Apache Cassandra 1.2 Documentation

Keyspace and table storage configuration

The Cassandra 1.2 documentation is transitioning to a new format!
Please use the new Cassandra 1.2 documentation instead.
Back to Table of Contents
All Documents List     

Cassandra stores storage configuration attributes in the system keyspace. You set storage configuration attributes on a per-keyspace or per-column family basis programmatically or using a client application, such as CQL. The attribute names documented in this section are the names as they are stored in the system keyspace within Cassandra. A few attributes have slightly different names in CQL.

Keyspace attributes

A keyspace must have a user-defined name, a replica placement strategy, and options that specify the number of copies per data center or node.

Attribute Default Value
name N/A (A user-defined value is required)
placement_strategy SimpleStrategy
strategy_options N/A (container attribute)
durable_writes true

name

Required. The name for the keyspace.

placement_strategy

Required. Called strategy_class in CQL. Determines how Cassandra distributes replicas for a keyspace among nodes in the ring.

Values are:

  • SimpleStrategy or org.apache.cassandra.locator.SimpleStrategy
  • NetworkTopologyStrategy or org.apache.cassandra.locator.NetworkTopologyStrategy

NetworkTopologyStrategy requires a properly configured snitch to be able to determine rack and data center locations of a node. For more information about replication placement strategy, see About data replication.

strategy_options

Specifies configuration options for the chosen replication strategy class. The replication factor option is the total number of replicas across the cluster. A replication factor of 1 means that there is only one copy of each row on one node. A replication factor of 2 means there are two copies of each row, where each copy is on a different node. All replicas are equally important; there is no primary or master replica. As a general rule, the replication factor should not exceed the number of nodes in the cluster. However, you can increase the replication factor and then add the desired number of nodes.

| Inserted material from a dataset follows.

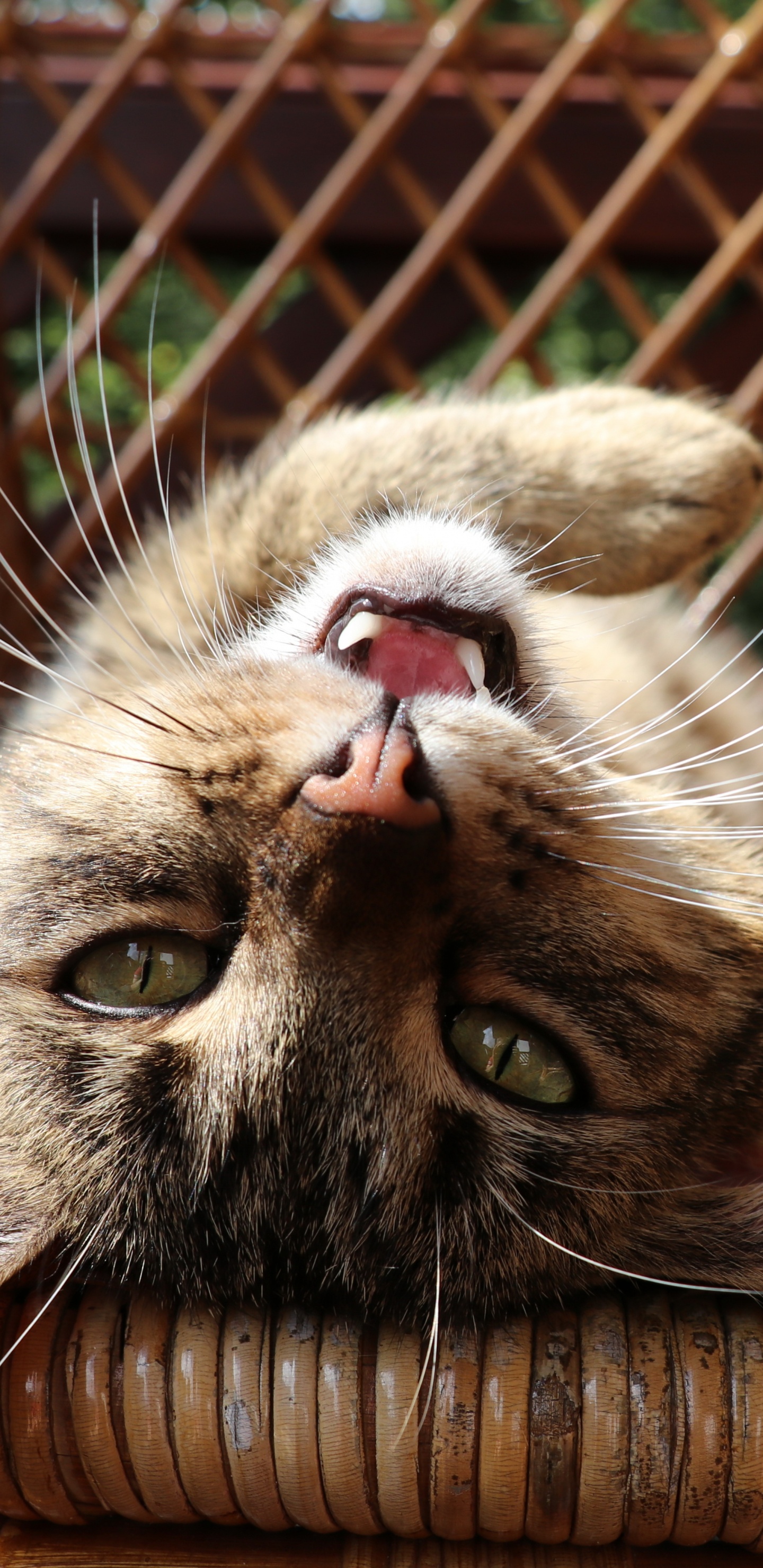 Обои кот, бакенбарды, морда, кошачьих, кошки малого и среднего размера в разрешении 1440x2960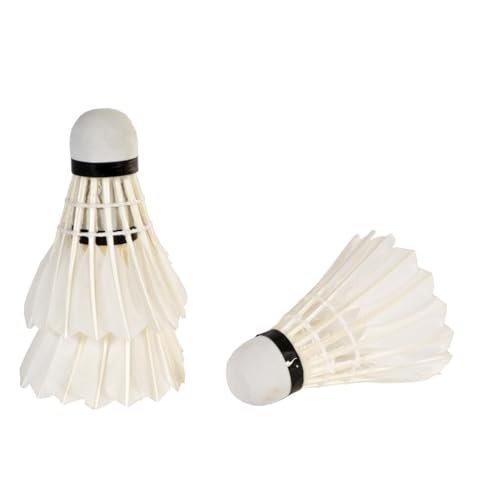 Volantes de bádminton SportX de pluma blanca pack de 3 unidades en tubo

When the replication factor exceeds the number of nodes, writes are rejected, but reads are served as long as the desired consistency level can be met.

To set a placement strategy and options using CQL, see CREATE KEYSPACE. For more information about configuring the replication placement strategy for a cluster and data centers, see Choosing keyspace replication options.

durable_writes

(Default: true) When set to false, data written to the keyspace bypasses the commit log. Be careful using this option because you risk losing data. Do not set this attribute on a keyspace that uses the SimpleStrategy. Change the durable_writes attribute using CQL.

Table attributes

The following attributes can be declared per table.

Option Default Value
bloom_filter_fp_chance 0.01 or 0.1 depending on compaction strategy
bucket_high 1.5
bucket_low 0.5
caching keys_only
column_metadata n/a (container attribute)
column_type Standard
comment n/a
compaction_strategy SizeTieredCompactionStrategy
compaction_strategy_options n/a (container attribute)
comparator BytesType
compare_subcolumns_with [1] BytesType
compression_options sstable_compression='SnappyCompressor'
default_validation_class n/a
dclocal_read_repair_chance 0.0
gc_grace_seconds 864000 (10 days)
key_validation_class n/a
max_compaction_threshold [2] 32
max_threshold [3] 32
min_compaction_threshold [2] 4
min_threshold [3] 4
memtable_flush_after_mins [1] n/a
memtable_operations_in_millions [1] n/a
memtable_throughput_in_mb [1] n/a
min_sstable_size 50MB
name n/a
read_repair_chance 0.1 or 1 (See description below.)
replicate_on_write true
sstable_size_in_mb 5MB
tombstone_compaction_interval 1 day
tombstone_threshold 0.2
[1]Ignored in Cassandra 1.2, but can still be declared for backward compatibility.
[2]Used by Thrift and CQL 2; ignored in CQL 3.
[3]The CQL 3 attribute name for the max_compaction_threshold and min_compaction_threshold Cassandra storage options.

bloom_filter_fp_chance

(Default: 0.01 for SizeTieredCompactionStrategy, 0.1 for LeveledCompactionStrategy) Desired false-positive probability for SSTable Bloom filters. When data is requested, the Bloom filter checks if the requested row exists before doing any disk I/O. Valid values are 0 to 1.0. A setting of 0 means that the unmodified (effectively the largest possible) Bloom filter is enabled. Setting the Bloom Filter at 1.0 disables it. The higher the setting, the less memory Cassandra uses. The maximum recommended setting is 0.1, as anything above this value yields diminishing returns. For detailed information, see Tuning Bloom filters.

bucket_high

(Default: 1.5) Size-tiered compaction considers SSTables to be within the same bucket if the SSTable size diverges by 50% or less from the default bucket_low and default bucket_high values: [average_size * bucket_low, average_size * bucket_high].

bucket_low

(Default: 0.5) See bucket_high for a description.

caching

(Default: keys_only) Optimizes the use of cache memory without manual tuning. Set caching to one of the following values:

  • all
  • keys_only
  • rows_only
  • none

Cassandra weights the cached data by size and access frequency. In Cassandra 1.1 and later, use this parameter to specify a key or row cache instead of a table cache, as in earlier versions.

chunk_length_kb

(Default: 64KB) On disk SSTables are compressed by block (to allow random reads). This subproperty of compression defines the size (in KB) of the block. Values larger than the default value might improve the compression rate, but increases the minimum size of data to be read from disk when a read occurs. The default value (64) is a good middle-ground for compressing tables. Adjust compression size to account for read/write access patterns (how much data is typically requested at once) and the average size of rows in the table.

column_metadata

(Default: N/A - container attribute) Column metadata defines these attributes of a column:

Attribute Description
name Binds a validation_class and (optionally) an index to a column.
validation_class Type used to check the column value.
index_name Name for the secondary index.
index_type Type of index. Currently the only supported value is KEYS.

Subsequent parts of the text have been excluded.